I shoot HMC full V-bar setup and HMC+ full V-bar so on both sets I have extender carbon v-bar long rod and twins all the same length.

whats the difference the HMC+ is a lighter setup so you end up putting more weight on the end of your rods to get the balance. vibration wise I can't tell the difference between the 2. But that said if my rig gives any noticeable vibration then something is wrong and thats make me suspect number 1, suspect number 2 is something has work loose like a locking screw on a tiller bolt has come loose and not been noticed then the tiller changes refer back to suspect number 1

just go out and try some rods and see what you like you don't need a full setup straight away maybe just a long rod to start and then build from there.


----------



## dylpickleeeeeee (Jun 6, 2013)

oh thanks! so then what about the hmc plus and the hmc 22?


----------



## x1440 (Jan 5, 2003)

Unless you are shooting very high poundage, you probably won't feel a difference between the hmc and hmc22. It also depends on your experience level. I personally prefer the feel of the original hmc. The hmc22 will also get blown around in the wind a little more as well since they are thicker.


----------



## dylpickleeeeeee (Jun 6, 2013)

i tried the hmc plus and it sounded pretty quiet


----------



## dylpickleeeeeee (Jun 6, 2013)

i just received my hmc 22 extention and that thing is thick! i havent recieved my long rod and side rod as those are still on back order


----------



## hawk87 (Oct 20, 2013)

Bump.

I'm also looking at these two W&W stabs for a new setup. Has anyone shot with the HMC 22? Thoughts?
Currently shooting with a GMX/Ex-Powers with just an Easton ACE long rod..... and looking for any other recommendations for stabilizer setups (expect the doinker platinum, unfortunately I don't have a pile of $$$). Any other suggestions around the same price of the HMC+ or 22?

Cheers!


----------



## Mad Wally (Apr 26, 2013)

hawk87 said:


> Bump.
> 
> I'm also looking at these two W&W stabs for a new setup. Has anyone shot with the HMC 22? Thoughts?
> Currently shooting with a GMX/Ex-Powers with just an Easton ACE long rod..... and looking for any other recommendations for stabilizer setups (expect the doinker platinum, unfortunately I don't have a pile of $$$). Any other suggestions around the same price of the HMC+ or 22?
> ...


I also have a GMX/Ex-power setup and I use the HMC+ stabs. It works for me but I would consider using the HMC22 extender as IMHO the extender must be as stiff as possible.


----------



## Mika Savola (Sep 2, 2008)

I just completed my HMC22 set with 10" side rods (already had 6" extender & 26" long rod) and IMO the set feels even better than HMC+.


----------



## hawk87 (Oct 20, 2013)

Mika Savola said:


> I just completed my HMC22 set with 10" side rods (already had 6" extender & 26" long rod) and IMO the set feels even better than HMC+.
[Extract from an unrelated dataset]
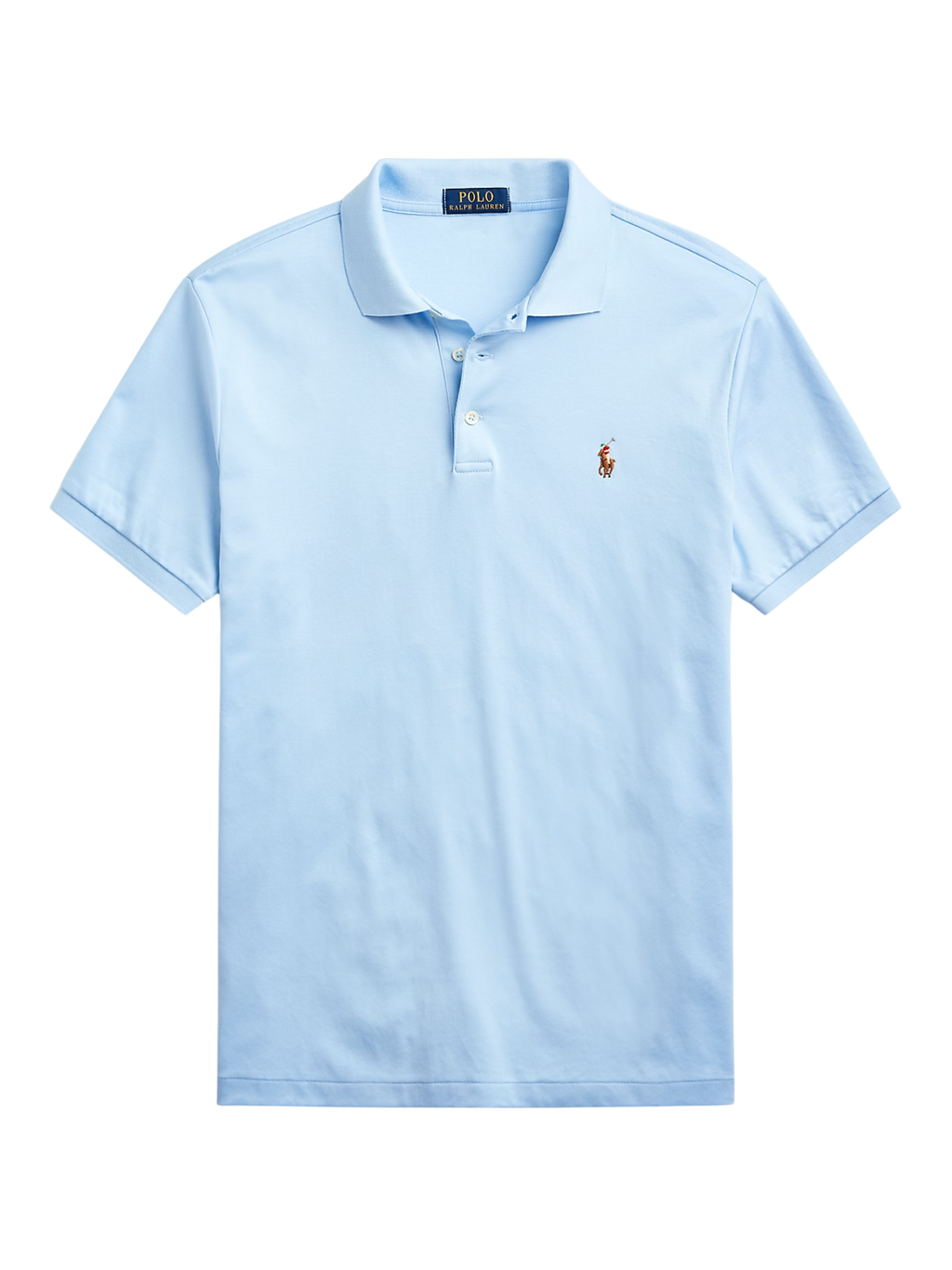 RALPH LAUREN Custom Slim Fit Soft Cotton Polo Shirt Office Blue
Thanks for the info Mika - wondering if you were shooting a similar setup on the HMC+ (26" with 10" side rods)


----------



## zal (May 1, 2007)

22 version is very stiff.


----------



## Mika Savola (Sep 2, 2008)

hawk87 said:


> Thanks for the info Mika - wondering if you were shooting a similar setup on the HMC+ (26" with 10" side rods)
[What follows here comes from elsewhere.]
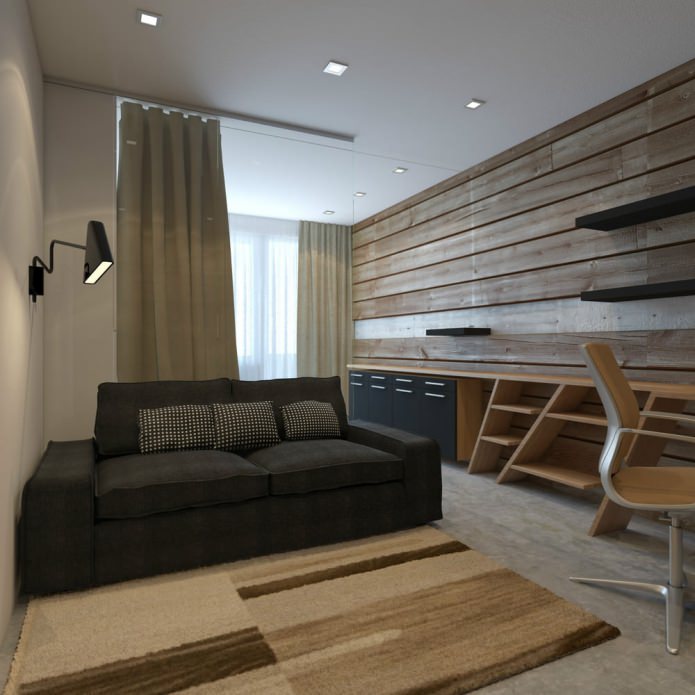 غرفة معيشة في تصميم شقة استوديو بمساحة 33 مترًا مربعًا.م.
Previously have had HMC and HMC+, and didn't like the lightness of the HMC+. With HMC22 vibration is killed quicker and don't feel any flexing on the long rod at release. Adding a carbon v-bar to the system will enhance the enjoyment...


----------



## rstgyx (Apr 13, 2013)

Mika Savola said:


> Previously have had HMC and HMC+, and didn't like the lightness of the HMC+. With HMC22 vibration is killed quicker and don't feel any flexing on the long rod at release. Adding a carbon v-bar to the system will enhance the enjoyment...


Revolutionary stabilisers designed with a ribbed design to enhance the enjoyment and shot feeling....

Coming to a store near you.


----------



## smuglie (May 4, 2014)

Was at my friend's house the other day, he has a huge collection of archery gear, I used a Kaya K7 full, with a W&W HMC22 full and a SF Elite carbon v-bar, I've shot different bows before, I'd have to say, it beats the s**t out of almost everything I've ever shot, there's practically no vibration in the system, I strongly recommend the HMC22 for indoor and HMC+ for outdoor


----------